Those who’ve seen Pitch Black (2000) and The Chronicles of Riddick—purged from memory due to use of the word “Necromonger”—know exactly what to expect from Riddick—and the fact that it delivers that is a terrible, wonderful thing. Terrible if you need things like “plot” and “good dialogue” for entertainment. Wonderful if you check your brain at the door—and any need for gender equality in a film—but why would you bring either of those to a Vin Diesel movie?
The first 20 minutes of the film are perhaps its best. There’s not a single word of bad dialogue—because there is no dialogue. This part of the film could be called Riddick versus The Alien Planet. You can guess who wins. As a bonus, Riddick has a puppy! He also wins major points for the most hard-core splinting-the-injury scene ever.
The greater part of the film—in duration, not quality—features two groups of bounty hunters doing their best to bring down both Riddick and the movie as a whole. Anyone who enjoyed the character Starbuck (Katee Sackhoff) from Battlestar Galactica might openly weep. The sad realization also sets in that like an ill-made pudding, this movie’s plot will never, ever thicken. While part of us rejoices at the movie’s lack of Necromongers, at least their appearance in Chronicles meant the attempt at a grander plot. Riddick sputters out with a climax featuring nothing new.

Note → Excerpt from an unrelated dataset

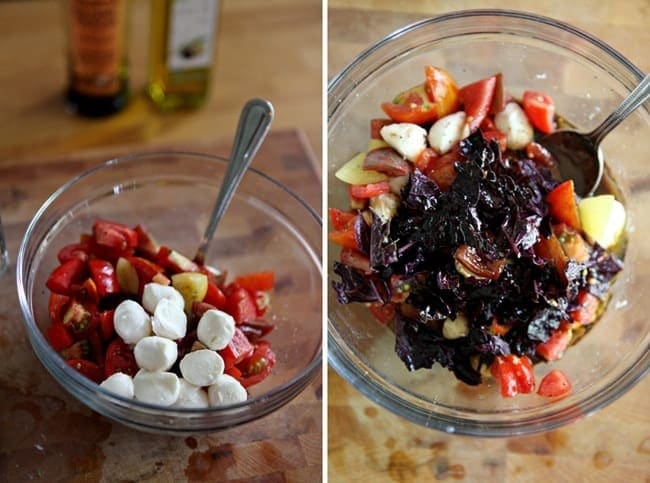 Mixed salad ingredients in glass bowl 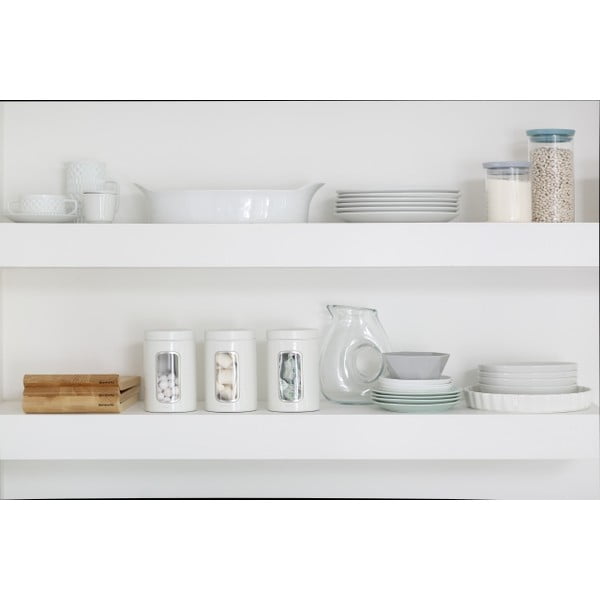 Sada 3 bílých kuchyňských dóz Brabantia, 1,4 l-image-1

Given its stereotypical characters, cringe-inducing one-liners (Santana being the worst offender), and threadbare plot, you’re probably thinking you should skip this movie. But you’re forgetting one thing—checking your brain at the door was a requirement. Once you’ve gotten over yourself (I’ll admit, trying to get over the rape jokes may cause a mild aneurysm), this flick’s a ton of fun. You start to enjoy the corniness of the one-liners. And there are some genuine moments of entertainment, such as Santana’s death, helped along the way by a complete loathing of his personality. With characters this bad, it’s easy to be entertained when Riddick starts dispatching them one by one.
So sit back, relax, and turn your brain off for two hours. After all, isn’t that what movies are for?